Search code examples
cnetwork-programmingtcplinux-kernelkernel-module

skb checksum computing function probably causes system hang


After asking about the same problem on the Linux forum and some bug testing I have the following information that seems relevant to my problem:

I am building an application that diverts incoming packets a kernel network hook to a proxy in userspace, that reads the data from a tcp socket and then sends it to its original destination. When the packet enters I change the skb destination addresses to those of my proxy tcp server, and when it leaves I change the source addresses so that the communication will go through transparently.

I have encountered the following problem:

When large amounts of data enter, they reach the proxy with no problem.

However, when sending the data to its original destination, if I send a large enough amount of data the system hangs. Caveman debugging showed that the skb is only non linear when it leaves the proxy, and without calling skb_linearize the checksum is not computed successfully.

I do not allocate any data myself in the kernel when the data exits and don't seem to have memory errors in my own code, so I have concluded that with high probability the problem is with my usage skb_linearize function, or how I compute the checksum in general:

void fixChecksum(struct sk_buff *skb)
{
    if(skb_is_nonlinear(skb))
    {
        skb_linearize(skb);
    }
    struct iphdr *ip_header = ip_hdr(skb);
    struct tcphdr *tcp_header = (struct tcphdr*)(skb_network_header(skb) + ip_hdrlen(skb));
    int tcplen = (skb->len - ((ip_header->ihl )<< 2));
    tcp_header->check=0;
    tcp_header->check = tcp_v4_check(tcplen, ip_header->saddr, ip_header->daddr,csum_partial((char*)tcp_header, tcplen,0));
    skb->ip_summed = CHECKSUM_NONE; //stop offloading
    ip_header->check = 0;
    ip_header->check = ip_fast_csum((u8 *)ip_header, ip_header->ihl);
}

My suspicion is that the data I transfer somehow stays in the kernel and after a large enough amount the kernel runs out and the system hangs. However I don't see what may be wrong here. I also tried changing skb_linearize to skb_linearize_cow which did not help.
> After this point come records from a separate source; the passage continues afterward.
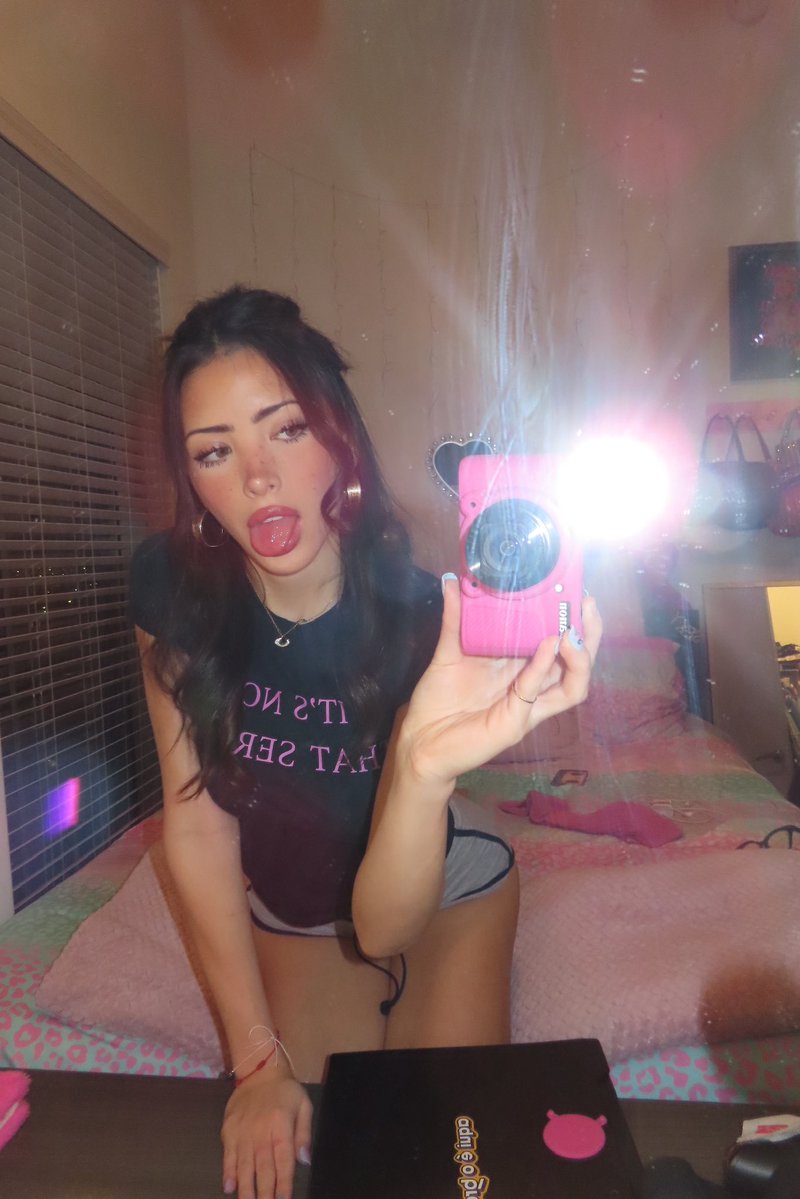 brooklynxmiller's tweet photo. finally 18 🥹🎀
this is kinda scary lol
enjoy the link in my biooo 🤭 https://t.co/DExvOnj9KV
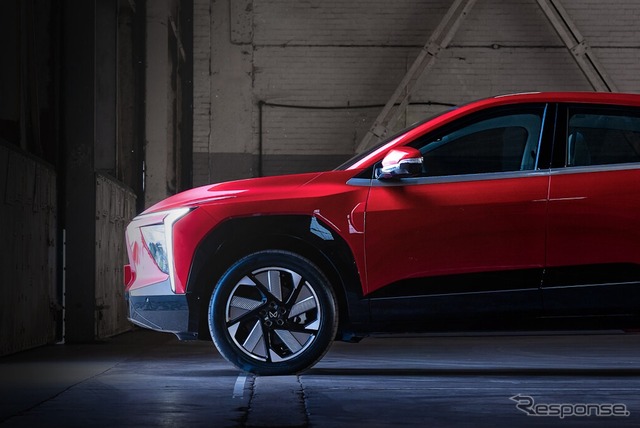 インドで初のEV衝突試験をおこなったマヒンドラの新型SUV『XEV 9e』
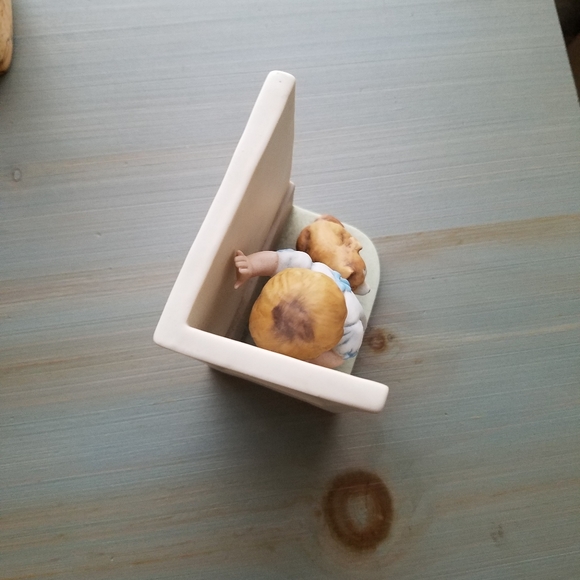 Besse Pease Gutman Ltd Ed. Porcelain Figurine - Picture 4 of 6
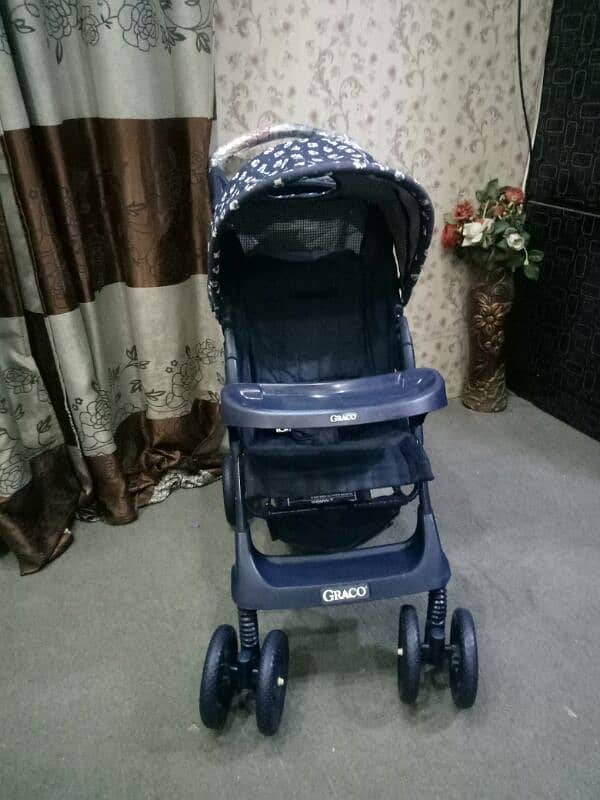 Graco baby stroller 3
Is it possible that the skbs I process on the LOCAL_OUT hook don't get freed after I process them?

My kernel version is 3.2


Solution

  • So after a bit more debugging and checking kernel memory usage while my program runs it turned out that it didn't grow with each packet. It stopped locking up after I removed spinlocks in one of my functions that I added because I wanted to keep my module functions thread safe between system calls. Apparently I didn't know what I was doing and the heavy load probably caused a deadlock or something, which is strange because I only have one lock. Thanks if anyone tried to help and sorry for wasting your time.